== ACTIVITY ==
Word for word, transcribe every line from the one holding "itching scalp causes" through the end of the records, but not the pictures.
_ _ _
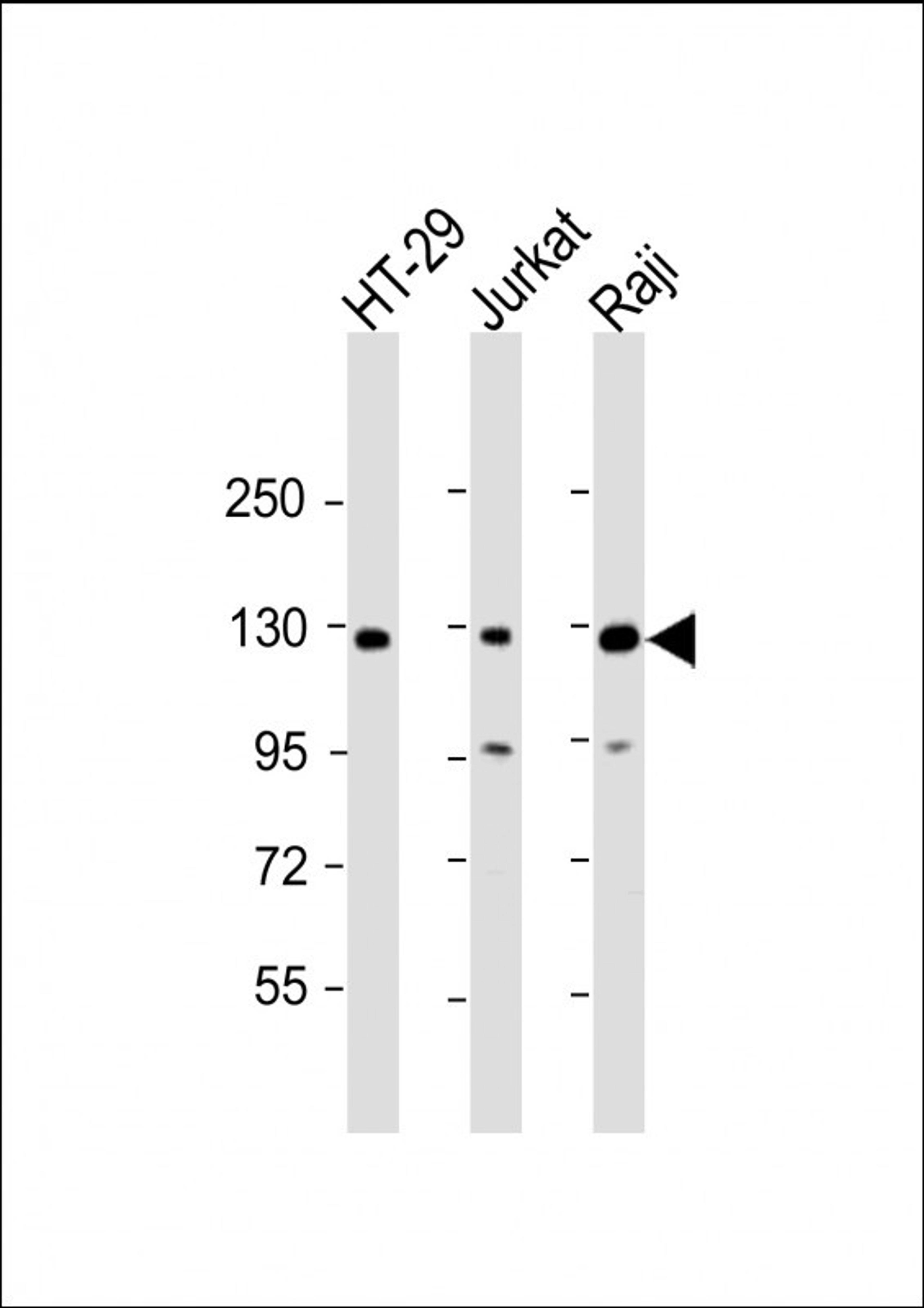 Western Blot at 1:2000 dilution Lane 1: HT-29 whole cell lysate Lane 2: Jurkat whole cell lysate Lane 3: Raji whole cell lysate Lysates/proteins at 20 ug per lane.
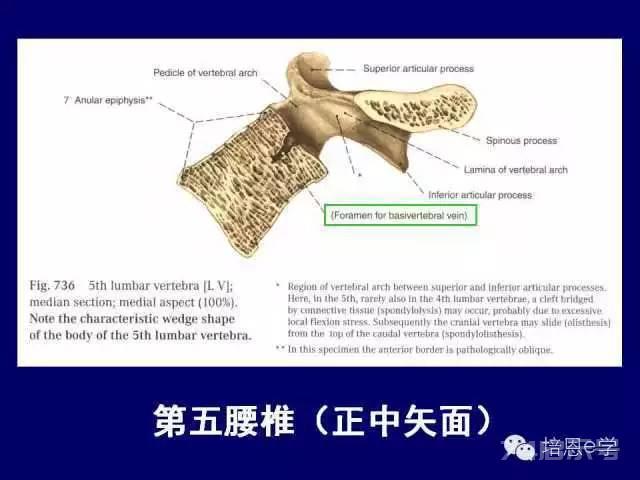 脊柱腰段解剖图（详细标注版 影像图片）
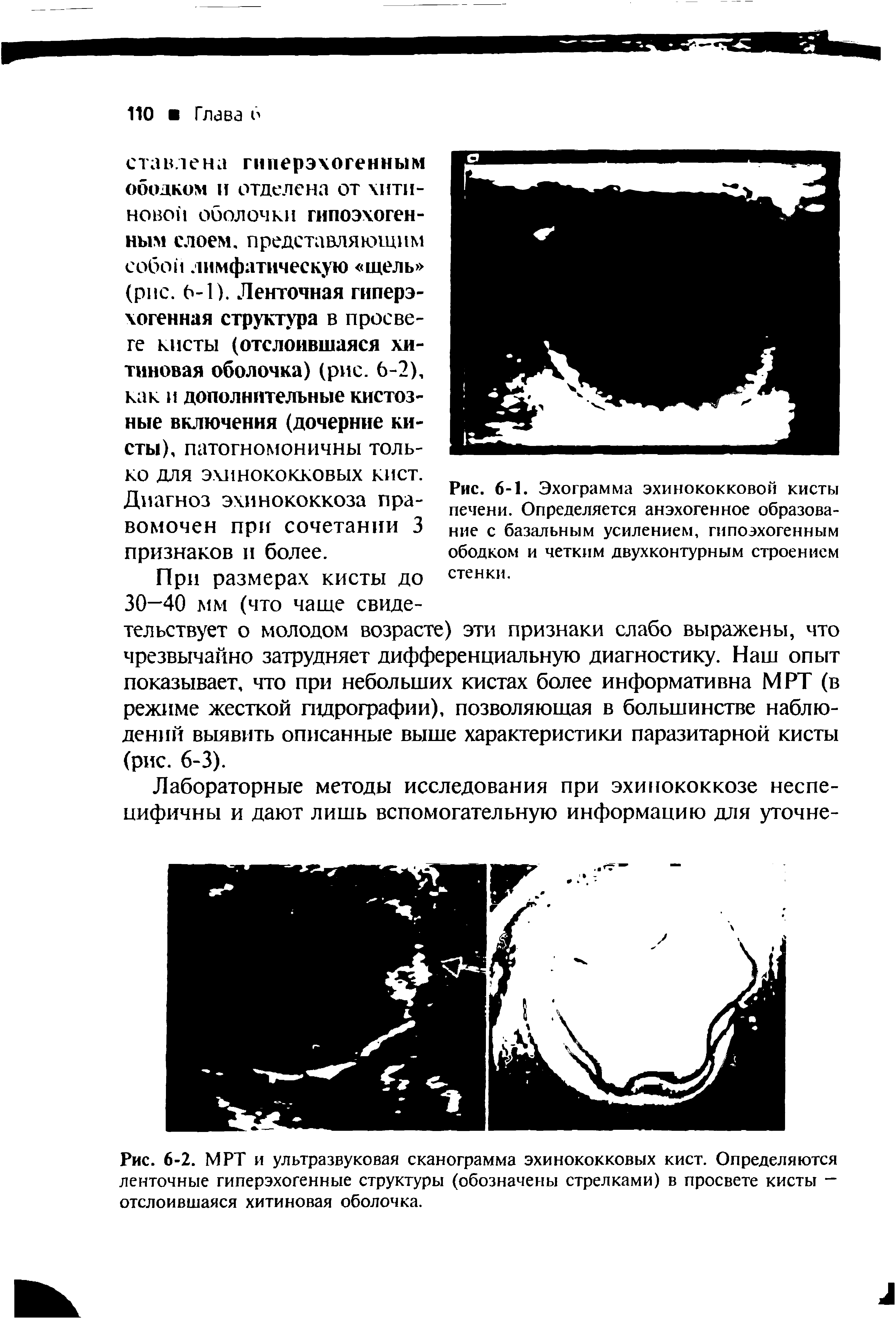 Рис. 6-1. Эхограмма эхинококковой кисты печени. Определяется анэхогенное образование с базальным усилением, гипоэхогенным ободком и четким двухконтурным строением стенки.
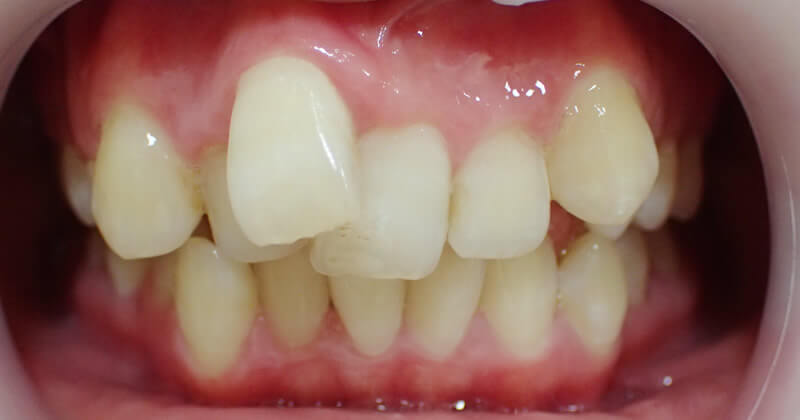 セラミック矯正でゴボ口を治療する前（前歯6本）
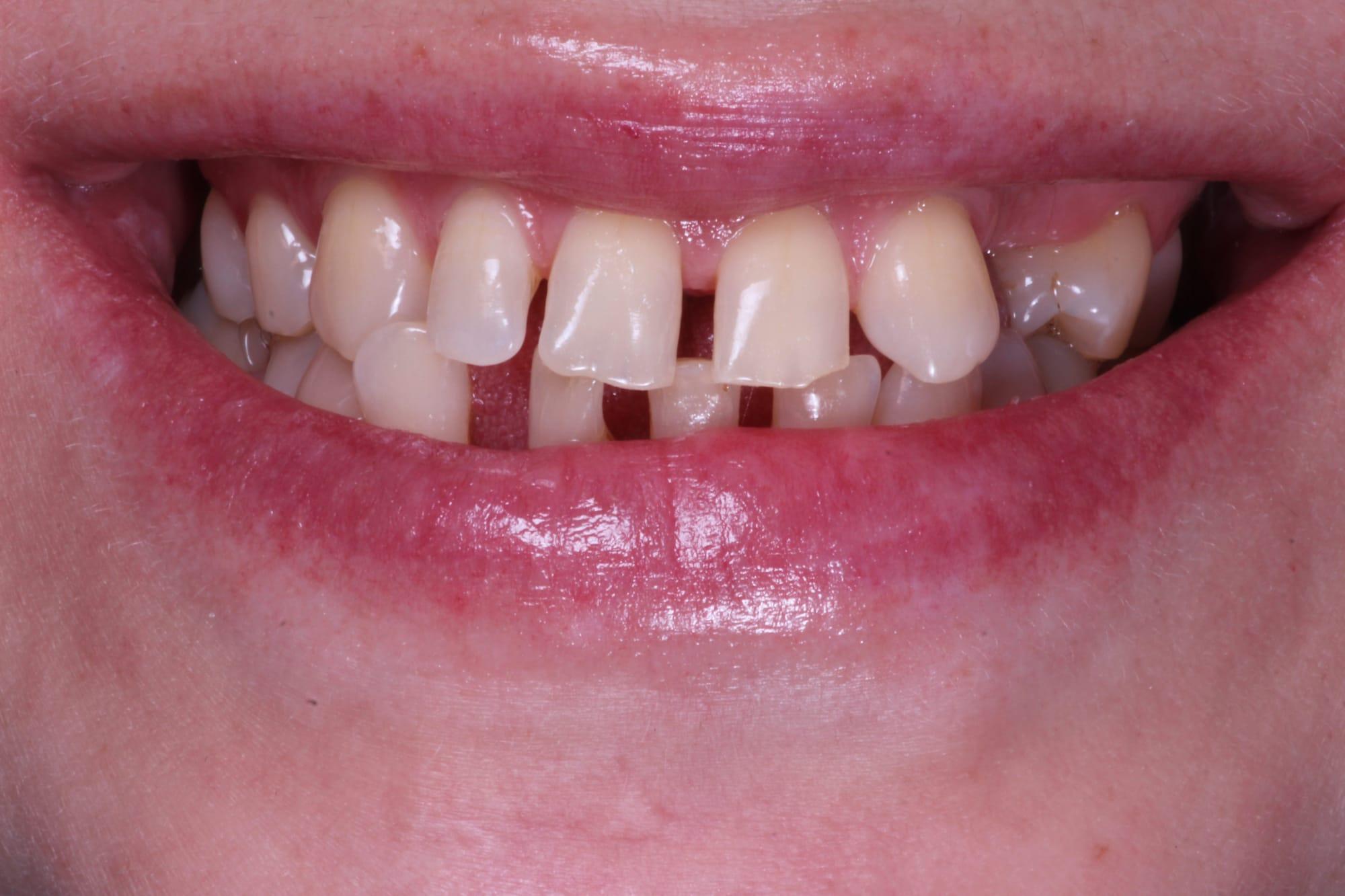 Before treatment — interdental gaps in the smile zone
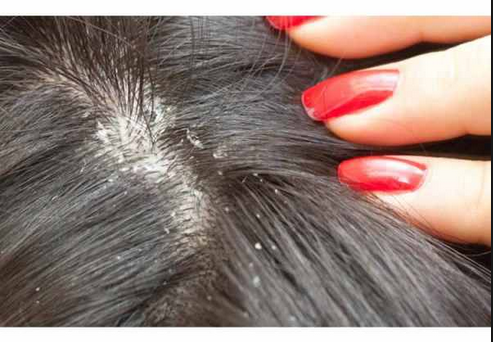 itching scalp causes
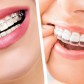 The Benefits of Orthodontic Treatment Beyond Aesthetics.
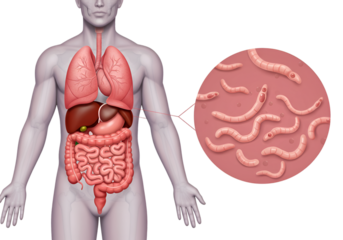 Detailed anatomical illustration of the human body, highlighting internal organs and parasitic worms.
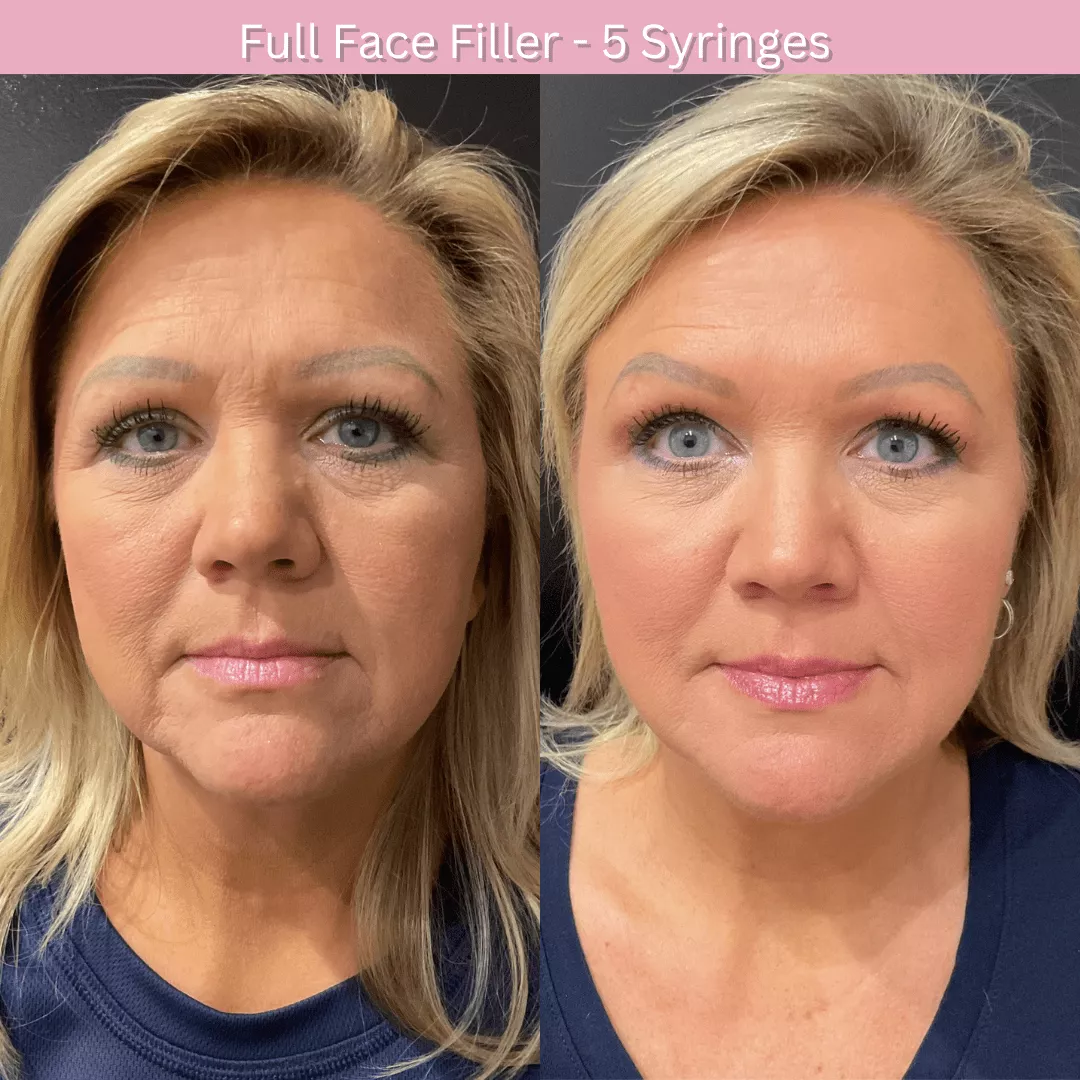 Dermal filler before and after 6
_ _ _
== ANSWER SPACE ==
 itching scalp causes
 The Benefits of Orthodontic Treatment Beyond Aesthetics.
 Detailed anatomical illustration of the human body, highlighting internal organs and parasitic worms.
 Dermal filler before and after 6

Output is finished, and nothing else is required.